#### How to complete this task:
Write out exactly the lines below that run from the one containing "an exterior view" through the one containing "Ciner Swarovski Necklace", both included, with no other lines.

#### Data to examine:
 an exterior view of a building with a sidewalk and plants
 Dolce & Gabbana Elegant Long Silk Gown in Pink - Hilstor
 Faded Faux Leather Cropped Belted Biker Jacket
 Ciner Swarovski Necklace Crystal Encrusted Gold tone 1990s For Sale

* * *

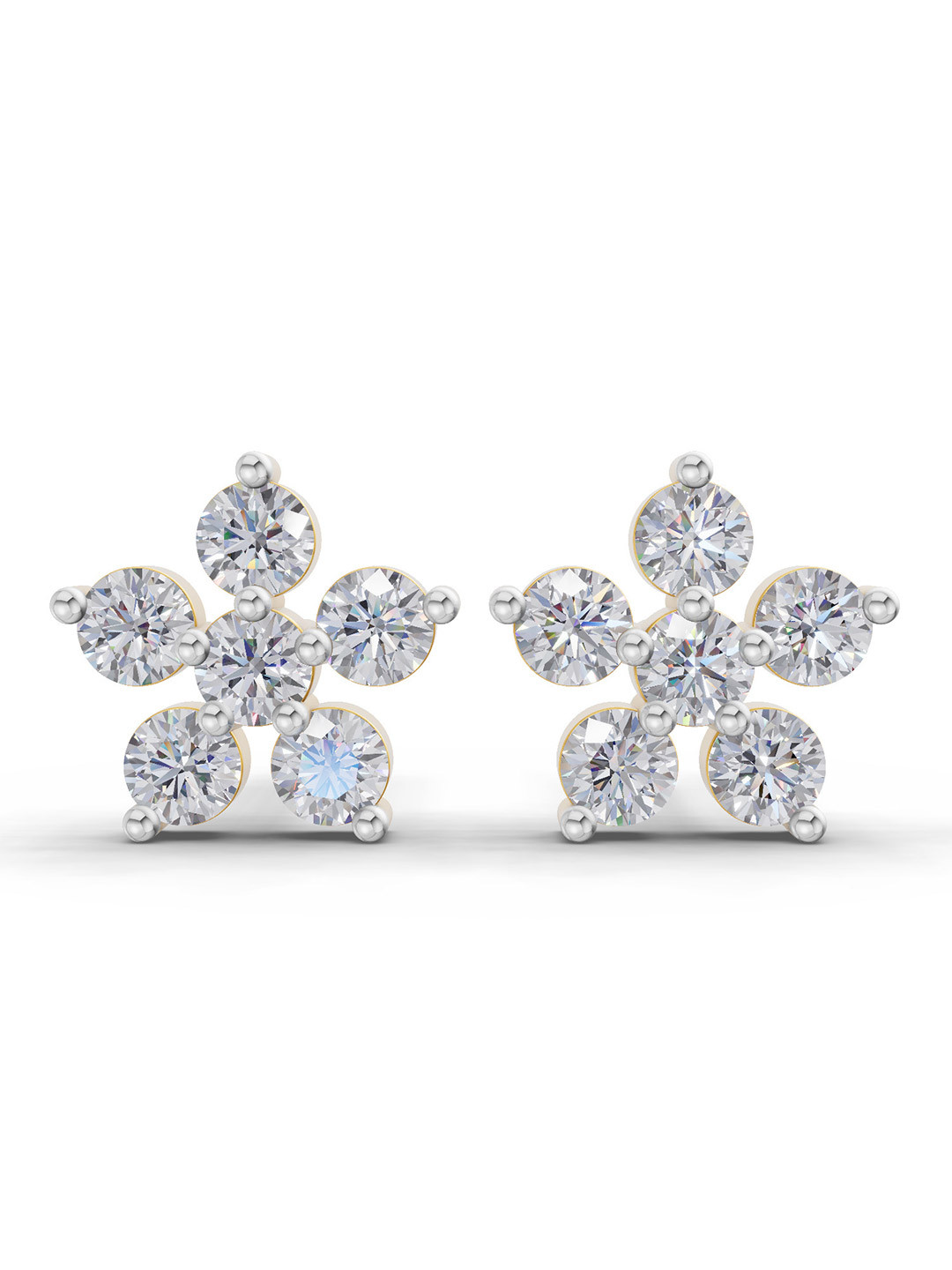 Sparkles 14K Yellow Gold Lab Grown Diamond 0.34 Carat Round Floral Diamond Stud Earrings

* * *

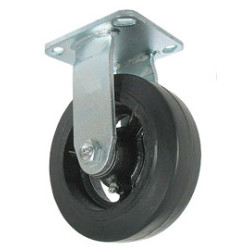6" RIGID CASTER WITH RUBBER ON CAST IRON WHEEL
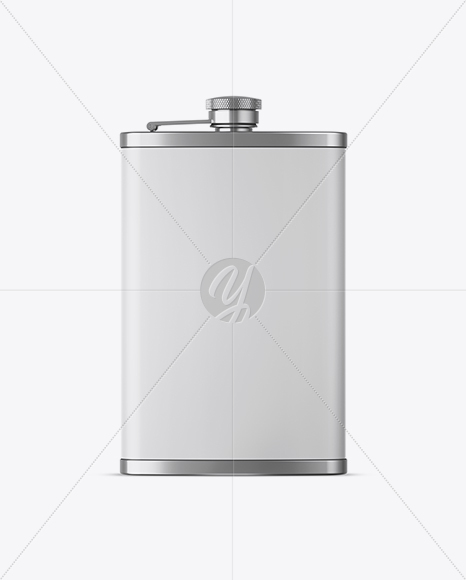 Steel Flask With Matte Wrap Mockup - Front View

#### Task result:
 an exterior view of a building with a sidewalk and plants
 Dolce & Gabbana Elegant Long Silk Gown in Pink - Hilstor
 Faded Faux Leather Cropped Belted Biker Jacket
 Ciner Swarovski Necklace Crystal Encrusted Gold tone 1990s For Sale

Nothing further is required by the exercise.